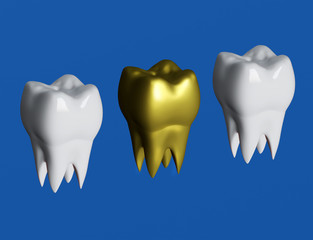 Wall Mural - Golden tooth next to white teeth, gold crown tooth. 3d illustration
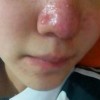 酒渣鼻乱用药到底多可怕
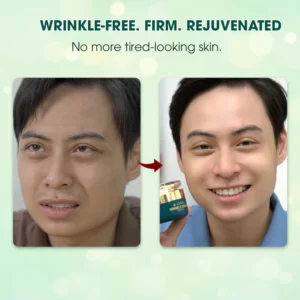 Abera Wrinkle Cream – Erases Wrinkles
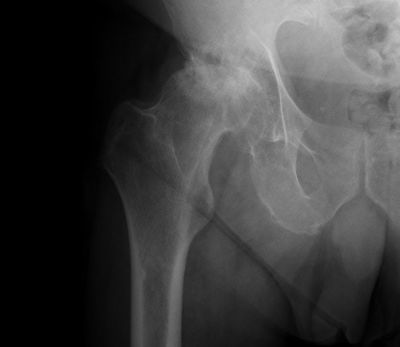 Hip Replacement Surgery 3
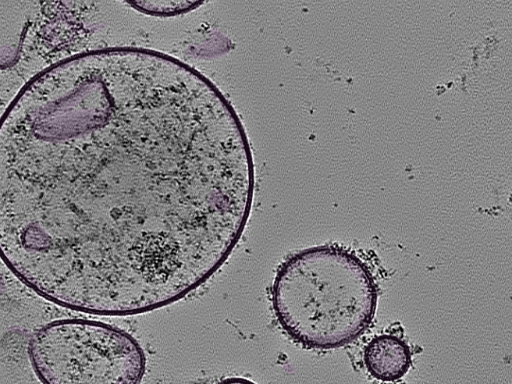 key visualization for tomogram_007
--
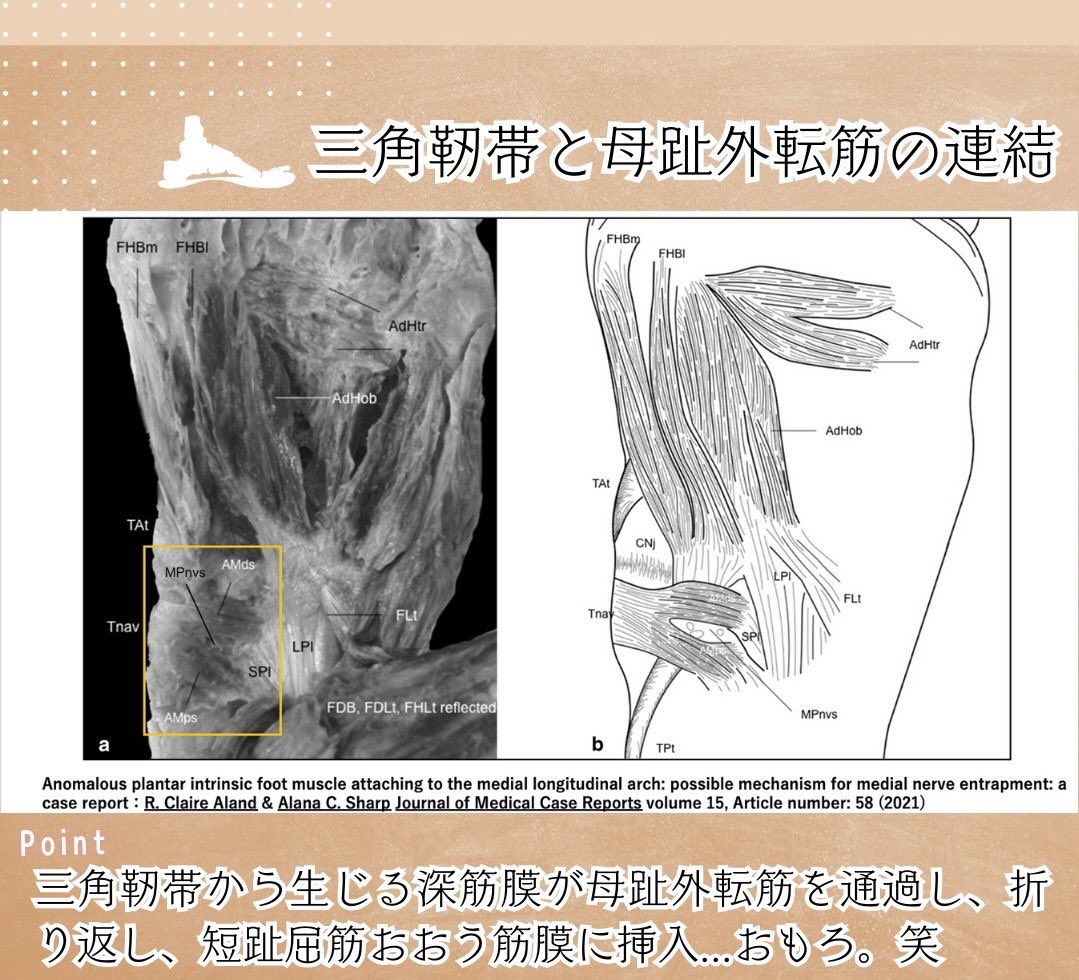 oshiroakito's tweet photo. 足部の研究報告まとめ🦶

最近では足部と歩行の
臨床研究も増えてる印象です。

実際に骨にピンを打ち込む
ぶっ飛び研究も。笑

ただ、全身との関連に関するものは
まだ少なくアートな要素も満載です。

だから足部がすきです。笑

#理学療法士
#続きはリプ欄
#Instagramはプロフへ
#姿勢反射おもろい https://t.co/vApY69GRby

**Exercise instructions**: Reproduce exactly the lines of the data above that run from the line with "Abera Wrinkle Cream – Erases Wrinkles" down to the line with "key visualization for tomogram_007", both ends included. Pictures do not belong in the copy.

**Expected answer**:
 Abera Wrinkle Cream – Erases Wrinkles
 Hip Replacement Surgery 3
 key visualization for tomogram_007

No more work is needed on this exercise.